-------- RECORDS FOR THE EXERCISE
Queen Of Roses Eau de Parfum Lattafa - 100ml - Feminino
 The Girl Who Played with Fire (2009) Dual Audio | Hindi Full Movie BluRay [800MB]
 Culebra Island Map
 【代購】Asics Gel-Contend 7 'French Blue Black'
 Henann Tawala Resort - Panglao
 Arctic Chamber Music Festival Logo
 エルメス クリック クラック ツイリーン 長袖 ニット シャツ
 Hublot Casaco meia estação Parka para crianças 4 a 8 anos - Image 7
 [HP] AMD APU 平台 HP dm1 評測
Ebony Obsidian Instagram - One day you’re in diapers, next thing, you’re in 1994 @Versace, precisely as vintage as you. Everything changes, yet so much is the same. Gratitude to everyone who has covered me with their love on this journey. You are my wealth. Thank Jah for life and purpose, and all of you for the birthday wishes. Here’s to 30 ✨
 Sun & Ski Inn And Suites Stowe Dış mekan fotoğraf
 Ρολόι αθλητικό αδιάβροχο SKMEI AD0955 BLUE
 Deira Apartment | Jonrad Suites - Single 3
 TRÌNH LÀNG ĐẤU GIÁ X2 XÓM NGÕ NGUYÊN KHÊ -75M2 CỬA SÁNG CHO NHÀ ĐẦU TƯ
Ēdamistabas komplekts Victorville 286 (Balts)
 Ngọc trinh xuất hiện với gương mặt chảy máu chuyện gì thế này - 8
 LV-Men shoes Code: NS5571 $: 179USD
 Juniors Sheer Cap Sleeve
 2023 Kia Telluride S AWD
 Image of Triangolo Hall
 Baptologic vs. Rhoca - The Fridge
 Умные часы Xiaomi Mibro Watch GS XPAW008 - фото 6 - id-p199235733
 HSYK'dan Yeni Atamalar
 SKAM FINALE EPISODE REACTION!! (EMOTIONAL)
----------------
# [REQUIREMENT]
Set out exactly the run of lines that begins at the line holding "Sun & Ski Inn" and ends at the last line of the data.

# [TASK RESULT]
 Sun & Ski Inn And Suites Stowe Dış mekan fotoğraf
 Ρολόι αθλητικό αδιάβροχο SKMEI AD0955 BLUE
 Deira Apartment | Jonrad Suites - Single 3
 TRÌNH LÀNG ĐẤU GIÁ X2 XÓM NGÕ NGUYÊN KHÊ -75M2 CỬA SÁNG CHO NHÀ ĐẦU TƯ
Ēdamistabas komplekts Victorville 286 (Balts)
 Ngọc trinh xuất hiện với gương mặt chảy máu chuyện gì thế này - 8
 LV-Men shoes Code: NS5571 $: 179USD
 Juniors Sheer Cap Sleeve
 2023 Kia Telluride S AWD
 Image of Triangolo Hall
 Baptologic vs. Rhoca - The Fridge
 Умные часы Xiaomi Mibro Watch GS XPAW008 - фото 6 - id-p199235733
 HSYK'dan Yeni Atamalar
 SKAM FINALE EPISODE REACTION!! (EMOTIONAL)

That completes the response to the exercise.